ECLI:NL:RBNNE:2021:3542
Rechtbank Noord-Nederland
- Op tegenspraak
- Rechtspraak.nl
Verzoek tot wraking van rechter in civiele procedure
Op 6 mei 2021 heeft de Rechtbank Noord-Nederland, zittingsplaats Groningen, uitspraak gedaan in een wrakingsprocedure. Verzoeker heeft op 26 april 2021 een verzoek tot wraking ingediend tegen mr. A.A.J. Smelt, die als rechter-commissaris was benoemd in een andere procedure (C17/175042/KG RK 20/242). Verzoeker stelde dat de beschikking van 15 april 2021, waarin mr. Smelt werd benoemd, feitelijke onjuistheden bevatte en wilde het wrakingsverzoek mondeling toelichten en aanvullen. De rechtbank overwoog dat op grond van artikel 36 van het Wetboek van Burgerlijke Rechtsvordering (Rv) een rechter kan worden gewraakt op basis van feiten die de onpartijdigheid van de rechter in gevaar kunnen brengen.

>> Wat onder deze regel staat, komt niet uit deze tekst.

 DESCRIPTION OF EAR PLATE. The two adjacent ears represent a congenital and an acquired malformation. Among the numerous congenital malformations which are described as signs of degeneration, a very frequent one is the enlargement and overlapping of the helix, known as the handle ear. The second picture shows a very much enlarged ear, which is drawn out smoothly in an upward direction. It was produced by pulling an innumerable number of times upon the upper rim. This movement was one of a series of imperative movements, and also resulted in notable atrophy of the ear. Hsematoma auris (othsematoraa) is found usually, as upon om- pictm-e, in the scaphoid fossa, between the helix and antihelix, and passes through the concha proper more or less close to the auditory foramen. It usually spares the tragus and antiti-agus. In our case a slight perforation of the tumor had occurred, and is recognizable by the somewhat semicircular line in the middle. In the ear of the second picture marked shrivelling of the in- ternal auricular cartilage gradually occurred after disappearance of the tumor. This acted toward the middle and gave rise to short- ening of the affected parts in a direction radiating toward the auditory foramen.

De rechtbank oordeelde dat verzoeker geen concrete feiten of omstandigheden had aangevoerd die duiden op vooringenomenheid van mr. Smelt. De gronden die verzoeker aanvoerde, betroffen de inhoud van de beschikking en niet de persoon van de rechter. Bovendien bepaalt artikel 37, lid 3 Rv dat alle wrakingsgronden tegelijk moeten worden voorgedragen, wat betekent dat er geen ruimte is voor nadere aanvulling. Daarom verklaarde de rechtbank het wrakingsverzoek kennelijk niet-ontvankelijk. De procedure in de hoofdzaak zal worden voortgezet in de stand waarin deze zich bevond ten tijde van het indienen van het verzoek tot wraking.
De beslissing werd openbaar uitgesproken en de rechtbank heeft de onverwijlde mededeling van deze beslissing aan verzoeker, mr. Smelt en de overige belanghebbenden bevolen.